TASK DIRECTIONS: Span requested from the data below: the line with "가격 인하 MISHASHI 브라운 로퍼 250" through the line with "AT&T System 85 manual C Data Module", both included. Give only these lines again, exactly, and leave every picture out.
** Opening RECORDS FOR THIS TASK block **
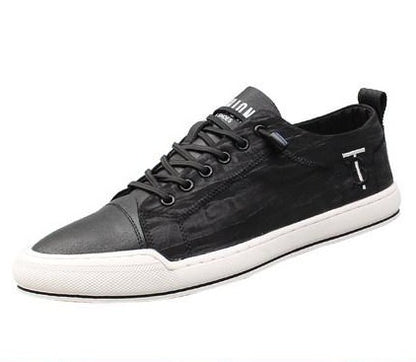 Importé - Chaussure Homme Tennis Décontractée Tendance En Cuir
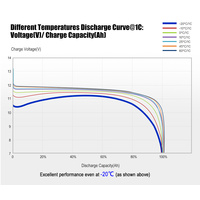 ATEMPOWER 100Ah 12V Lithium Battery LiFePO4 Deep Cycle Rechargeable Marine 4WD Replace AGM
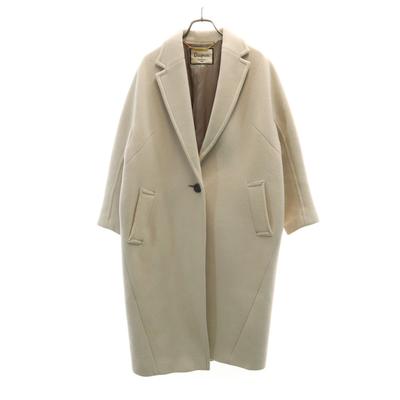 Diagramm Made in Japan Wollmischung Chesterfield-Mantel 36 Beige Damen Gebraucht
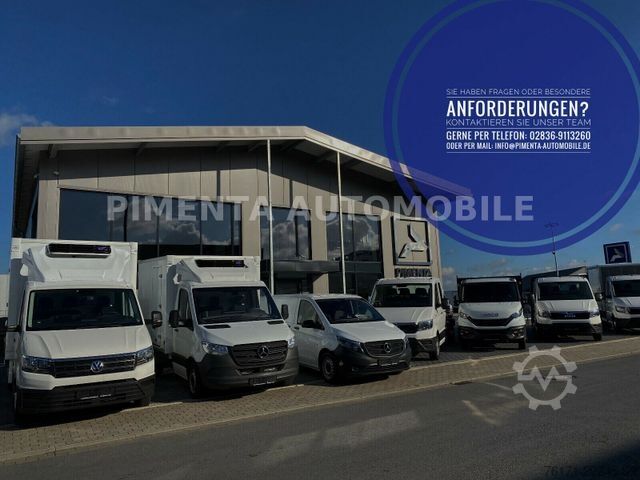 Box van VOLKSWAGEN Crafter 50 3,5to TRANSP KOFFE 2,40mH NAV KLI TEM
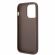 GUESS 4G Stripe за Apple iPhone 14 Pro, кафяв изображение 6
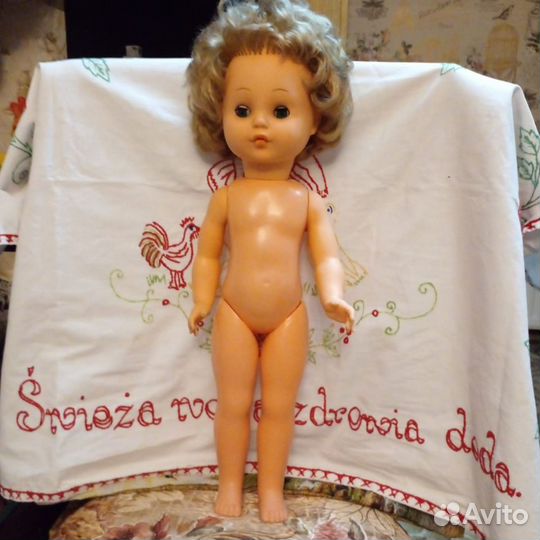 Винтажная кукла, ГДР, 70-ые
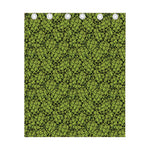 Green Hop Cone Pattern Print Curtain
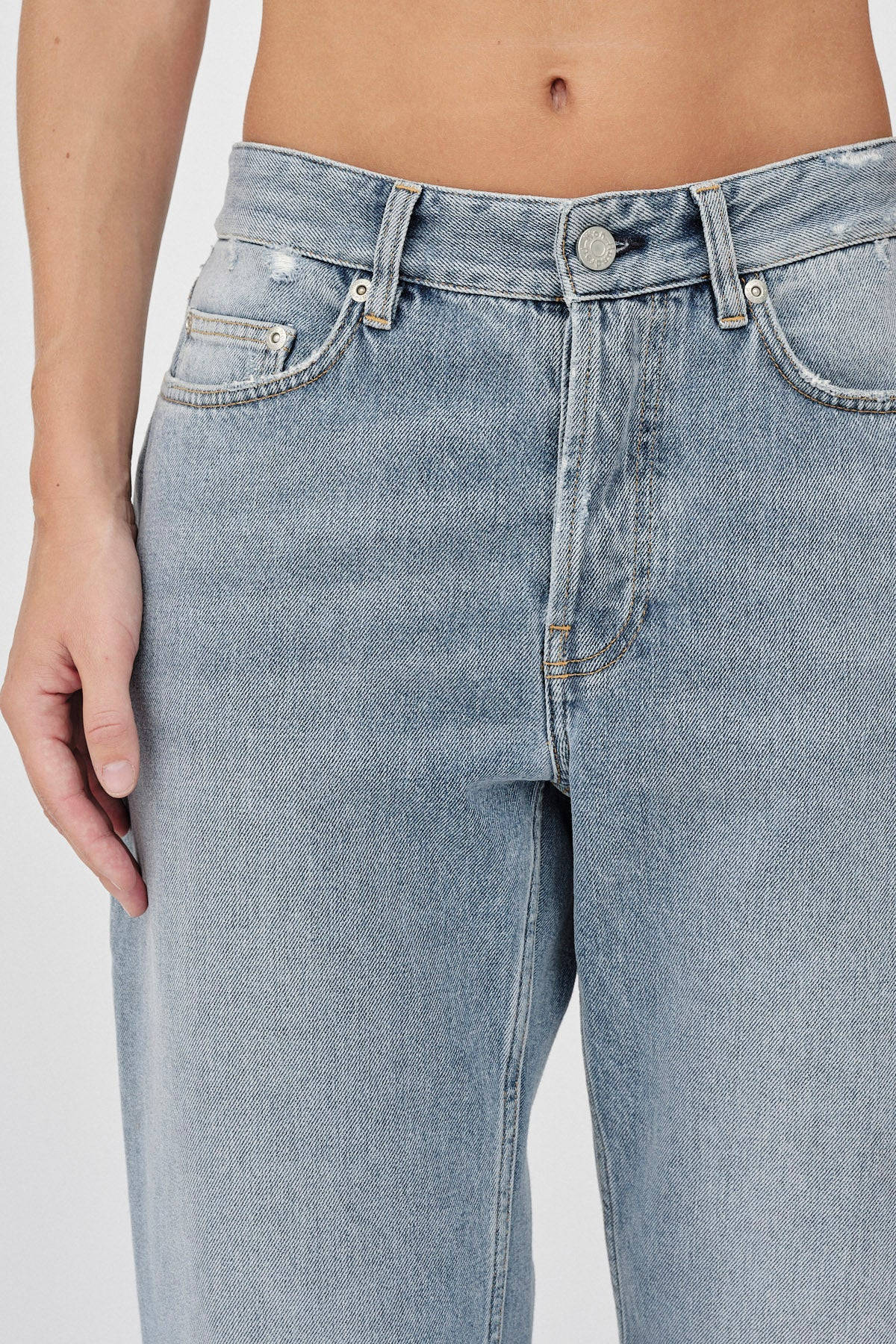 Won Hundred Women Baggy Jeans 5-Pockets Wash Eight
** Closing RECORDS FOR THIS TASK block **
** Opening RECORDS FOR THIS TASK block **
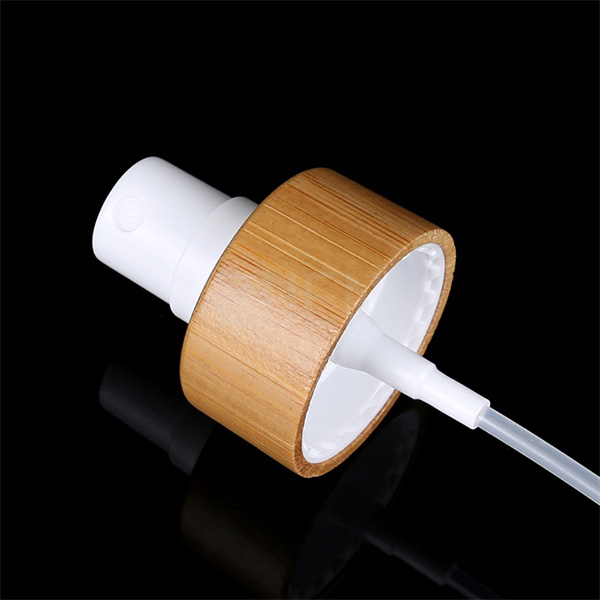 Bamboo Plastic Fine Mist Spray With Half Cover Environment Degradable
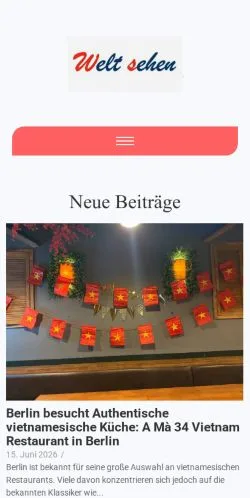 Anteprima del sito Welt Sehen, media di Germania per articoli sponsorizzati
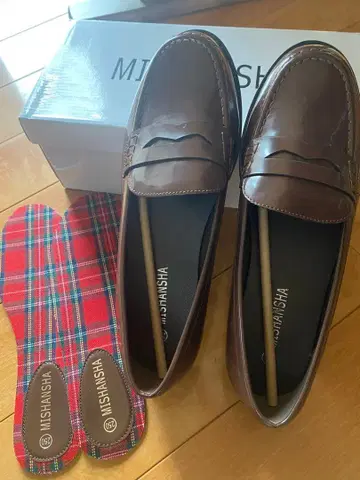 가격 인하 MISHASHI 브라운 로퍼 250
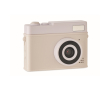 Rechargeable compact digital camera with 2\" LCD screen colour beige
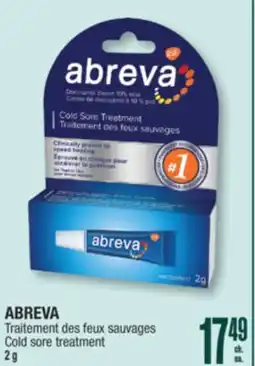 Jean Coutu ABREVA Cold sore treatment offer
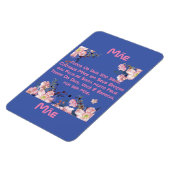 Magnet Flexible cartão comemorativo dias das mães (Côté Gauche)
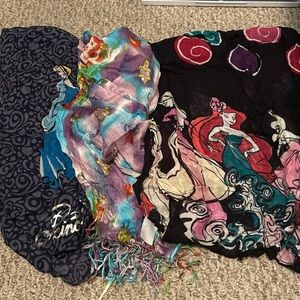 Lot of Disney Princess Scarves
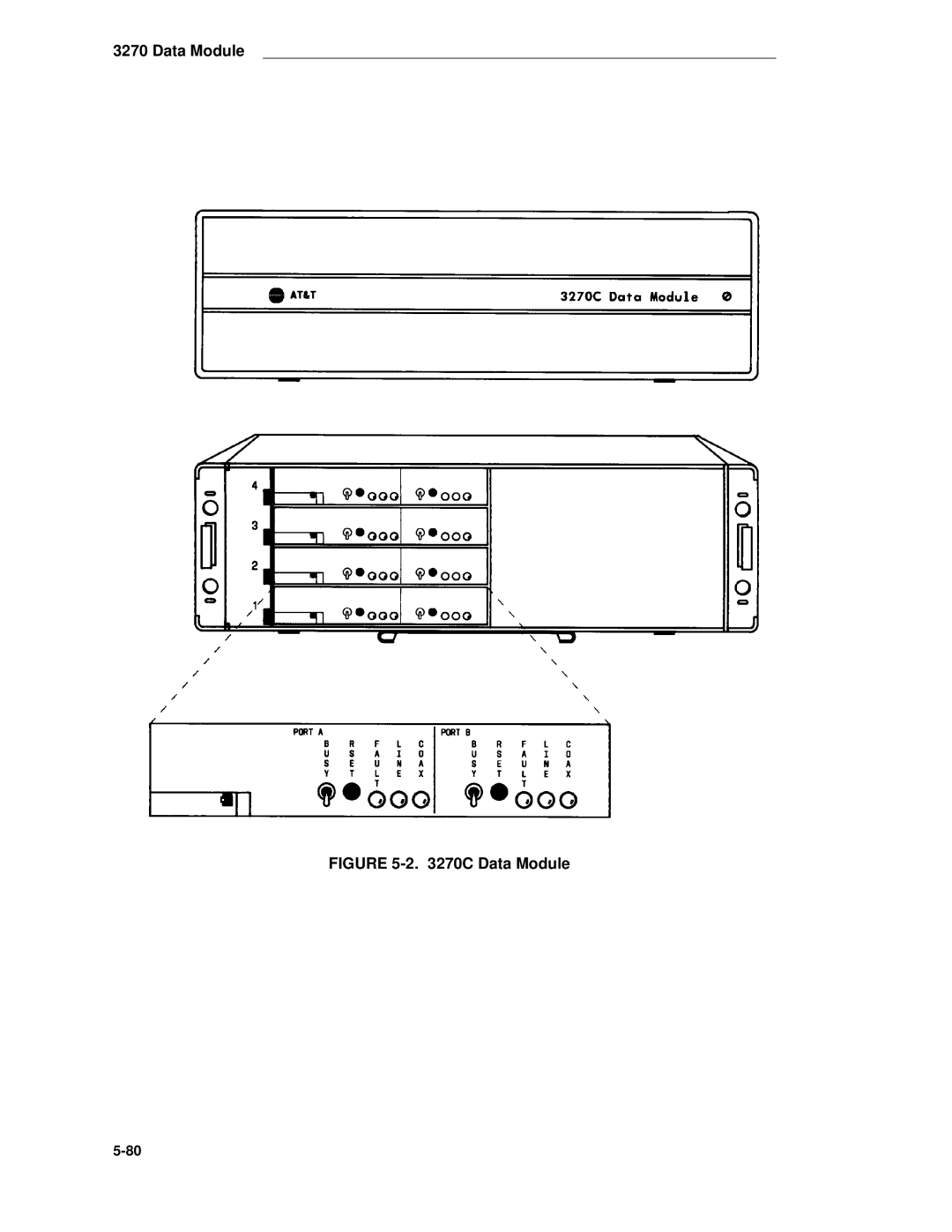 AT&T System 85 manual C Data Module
** Closing RECORDS FOR THIS TASK block **
** Opening RECORDS FOR THIS TASK block **
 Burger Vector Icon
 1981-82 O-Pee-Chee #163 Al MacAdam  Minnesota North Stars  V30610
** Closing RECORDS FOR THIS TASK block **
THE ANSWER:
 가격 인하 MISHASHI 브라운 로퍼 250
 Rechargeable compact digital camera with 2\" LCD screen colour beige
 Jean Coutu ABREVA Cold sore treatment offer
 Magnet Flexible cartão comemorativo dias das mães (Côté Gauche)
 Lot of Disney Princess Scarves
 AT&T System 85 manual C Data Module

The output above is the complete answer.